Data records
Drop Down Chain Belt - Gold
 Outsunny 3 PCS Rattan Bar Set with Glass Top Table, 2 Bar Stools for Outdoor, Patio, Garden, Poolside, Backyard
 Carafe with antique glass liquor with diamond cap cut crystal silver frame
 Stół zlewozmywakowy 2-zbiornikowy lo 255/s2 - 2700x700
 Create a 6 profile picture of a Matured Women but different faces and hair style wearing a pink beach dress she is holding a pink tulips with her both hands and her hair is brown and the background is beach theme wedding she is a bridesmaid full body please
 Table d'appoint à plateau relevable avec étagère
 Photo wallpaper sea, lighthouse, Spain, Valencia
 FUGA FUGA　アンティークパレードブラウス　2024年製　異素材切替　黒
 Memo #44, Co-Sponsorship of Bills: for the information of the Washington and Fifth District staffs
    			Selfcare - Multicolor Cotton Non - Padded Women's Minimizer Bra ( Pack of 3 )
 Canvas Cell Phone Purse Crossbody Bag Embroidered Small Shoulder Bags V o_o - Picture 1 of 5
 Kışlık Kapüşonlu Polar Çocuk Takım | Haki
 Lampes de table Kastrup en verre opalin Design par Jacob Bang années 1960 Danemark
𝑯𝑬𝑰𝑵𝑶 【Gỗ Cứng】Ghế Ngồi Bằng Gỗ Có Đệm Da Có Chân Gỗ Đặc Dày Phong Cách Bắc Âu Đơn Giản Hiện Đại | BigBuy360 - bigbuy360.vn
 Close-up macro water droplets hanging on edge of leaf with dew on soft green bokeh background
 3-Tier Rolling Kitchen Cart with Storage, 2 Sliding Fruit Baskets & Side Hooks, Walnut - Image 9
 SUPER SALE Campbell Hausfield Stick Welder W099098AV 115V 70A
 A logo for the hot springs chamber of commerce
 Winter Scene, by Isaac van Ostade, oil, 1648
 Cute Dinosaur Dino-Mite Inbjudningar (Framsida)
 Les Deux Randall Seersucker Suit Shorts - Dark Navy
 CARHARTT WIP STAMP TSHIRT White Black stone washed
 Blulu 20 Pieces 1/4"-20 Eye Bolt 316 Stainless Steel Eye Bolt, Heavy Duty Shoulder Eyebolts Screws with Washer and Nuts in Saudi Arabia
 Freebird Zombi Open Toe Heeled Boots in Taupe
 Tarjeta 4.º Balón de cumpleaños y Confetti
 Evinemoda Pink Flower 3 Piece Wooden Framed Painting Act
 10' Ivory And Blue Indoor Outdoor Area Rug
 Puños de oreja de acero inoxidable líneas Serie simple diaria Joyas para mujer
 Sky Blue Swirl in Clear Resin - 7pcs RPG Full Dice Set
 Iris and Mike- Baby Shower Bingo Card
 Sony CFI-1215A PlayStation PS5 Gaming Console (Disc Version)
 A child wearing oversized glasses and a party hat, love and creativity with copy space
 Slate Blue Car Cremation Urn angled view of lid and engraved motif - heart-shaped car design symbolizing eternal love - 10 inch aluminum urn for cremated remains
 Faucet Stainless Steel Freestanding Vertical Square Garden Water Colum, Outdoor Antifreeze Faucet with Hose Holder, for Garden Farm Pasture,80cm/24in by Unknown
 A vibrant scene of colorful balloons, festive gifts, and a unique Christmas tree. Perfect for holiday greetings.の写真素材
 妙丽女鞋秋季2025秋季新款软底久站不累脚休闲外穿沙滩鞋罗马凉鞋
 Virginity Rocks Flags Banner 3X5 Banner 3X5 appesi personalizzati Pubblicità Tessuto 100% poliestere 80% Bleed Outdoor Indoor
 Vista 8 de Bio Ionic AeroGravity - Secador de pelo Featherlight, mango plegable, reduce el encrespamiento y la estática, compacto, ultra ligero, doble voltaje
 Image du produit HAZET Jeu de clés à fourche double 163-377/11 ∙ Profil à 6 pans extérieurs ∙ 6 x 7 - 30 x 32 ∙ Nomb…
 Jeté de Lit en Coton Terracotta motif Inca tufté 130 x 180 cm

» **Directions**
All the data above must be copied again. Leave nothing out.

» **Result for this task**
Drop Down Chain Belt - Gold
 Outsunny 3 PCS Rattan Bar Set with Glass Top Table, 2 Bar Stools for Outdoor, Patio, Garden, Poolside, Backyard
 Carafe with antique glass liquor with diamond cap cut crystal silver frame
 Stół zlewozmywakowy 2-zbiornikowy lo 255/s2 - 2700x700
 Create a 6 profile picture of a Matured Women but different faces and hair style wearing a pink beach dress she is holding a pink tulips with her both hands and her hair is brown and the background is beach theme wedding she is a bridesmaid full body please
 Table d'appoint à plateau relevable avec étagère
 Photo wallpaper sea, lighthouse, Spain, Valencia
 FUGA FUGA　アンティークパレードブラウス　2024年製　異素材切替　黒
 Memo #44, Co-Sponsorship of Bills: for the information of the Washington and Fifth District staffs
    			Selfcare - Multicolor Cotton Non - Padded Women's Minimizer Bra ( Pack of 3 )
 Canvas Cell Phone Purse Crossbody Bag Embroidered Small Shoulder Bags V o_o - Picture 1 of 5
 Kışlık Kapüşonlu Polar Çocuk Takım | Haki
 Lampes de table Kastrup en verre opalin Design par Jacob Bang années 1960 Danemark
𝑯𝑬𝑰𝑵𝑶 【Gỗ Cứng】Ghế Ngồi Bằng Gỗ Có Đệm Da Có Chân Gỗ Đặc Dày Phong Cách Bắc Âu Đơn Giản Hiện Đại | BigBuy360 - bigbuy360.vn
 Close-up macro water droplets hanging on edge of leaf with dew on soft green bokeh background
 3-Tier Rolling Kitchen Cart with Storage, 2 Sliding Fruit Baskets & Side Hooks, Walnut - Image 9
 SUPER SALE Campbell Hausfield Stick Welder W099098AV 115V 70A
 A logo for the hot springs chamber of commerce
 Winter Scene, by Isaac van Ostade, oil, 1648
 Cute Dinosaur Dino-Mite Inbjudningar (Framsida)
 Les Deux Randall Seersucker Suit Shorts - Dark Navy
 CARHARTT WIP STAMP TSHIRT White Black stone washed
 Blulu 20 Pieces 1/4"-20 Eye Bolt 316 Stainless Steel Eye Bolt, Heavy Duty Shoulder Eyebolts Screws with Washer and Nuts in Saudi Arabia
 Freebird Zombi Open Toe Heeled Boots in Taupe
 Tarjeta 4.º Balón de cumpleaños y Confetti
 Evinemoda Pink Flower 3 Piece Wooden Framed Painting Act
 10' Ivory And Blue Indoor Outdoor Area Rug
 Puños de oreja de acero inoxidable líneas Serie simple diaria Joyas para mujer
 Sky Blue Swirl in Clear Resin - 7pcs RPG Full Dice Set
 Iris and Mike- Baby Shower Bingo Card
 Sony CFI-1215A PlayStation PS5 Gaming Console (Disc Version)
 A child wearing oversized glasses and a party hat, love and creativity with copy space
 Slate Blue Car Cremation Urn angled view of lid and engraved motif - heart-shaped car design symbolizing eternal love - 10 inch aluminum urn for cremated remains
 Faucet Stainless Steel Freestanding Vertical Square Garden Water Colum, Outdoor Antifreeze Faucet with Hose Holder, for Garden Farm Pasture,80cm/24in by Unknown
 A vibrant scene of colorful balloons, festive gifts, and a unique Christmas tree. Perfect for holiday greetings.の写真素材
 妙丽女鞋秋季2025秋季新款软底久站不累脚休闲外穿沙滩鞋罗马凉鞋
 Virginity Rocks Flags Banner 3X5 Banner 3X5 appesi personalizzati Pubblicità Tessuto 100% poliestere 80% Bleed Outdoor Indoor
 Vista 8 de Bio Ionic AeroGravity - Secador de pelo Featherlight, mango plegable, reduce el encrespamiento y la estática, compacto, ultra ligero, doble voltaje
 Image du produit HAZET Jeu de clés à fourche double 163-377/11 ∙ Profil à 6 pans extérieurs ∙ 6 x 7 - 30 x 32 ∙ Nomb…
 Jeté de Lit en Coton Terracotta motif Inca tufté 130 x 180 cm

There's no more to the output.